**Work to be completed**
Retype, without changes or pictures, only the lines that begin at the one containing "Proof 19BUCK_00874" and end at the last line of the records that follow.

**Excerpted records**
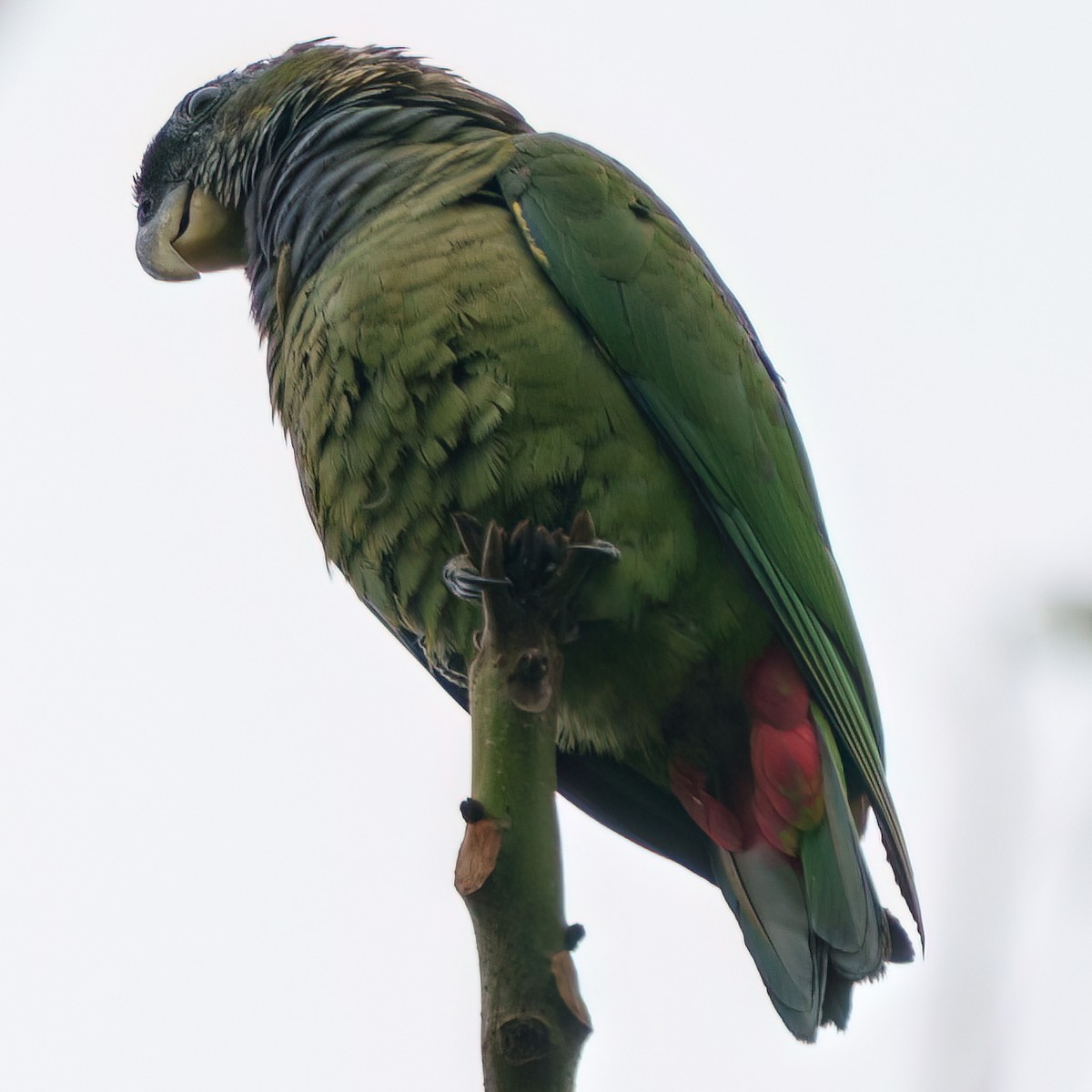 Scaly-headed Parrot - ML642014672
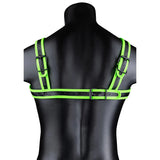 Glow in the Dark Buckle Harness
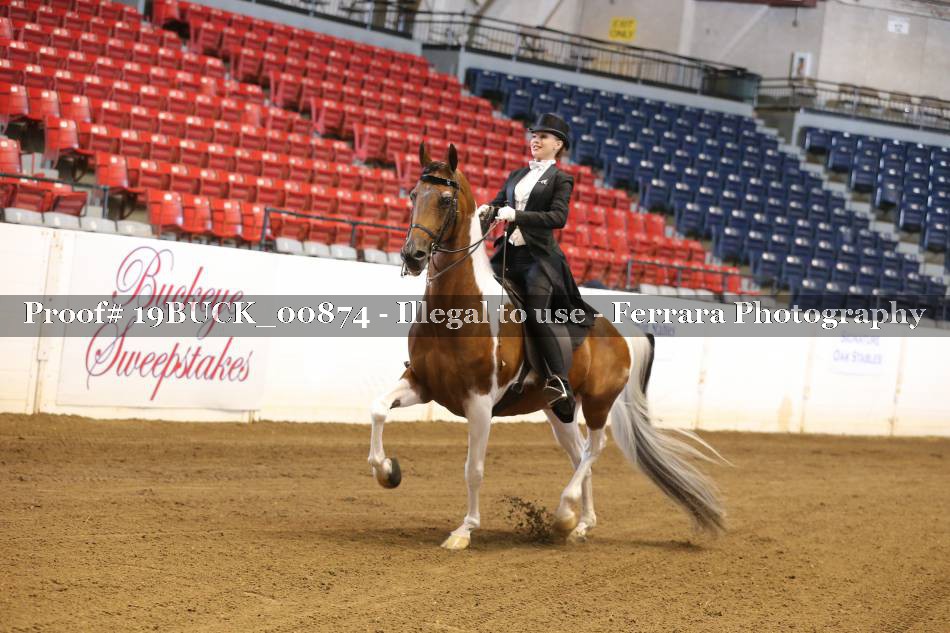 Proof 19BUCK_00874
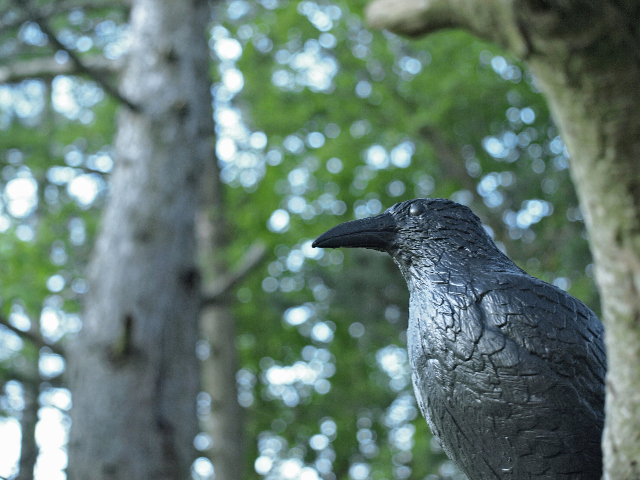 Poetologische Anamnese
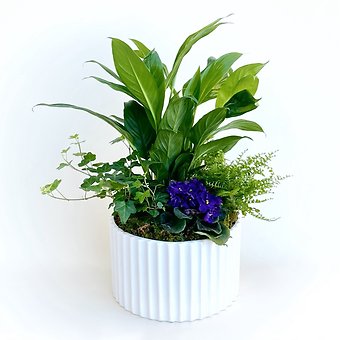 Premium Dish Garden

**Expected output**
 Proof 19BUCK_00874
 Poetologische Anamnese
 Premium Dish Garden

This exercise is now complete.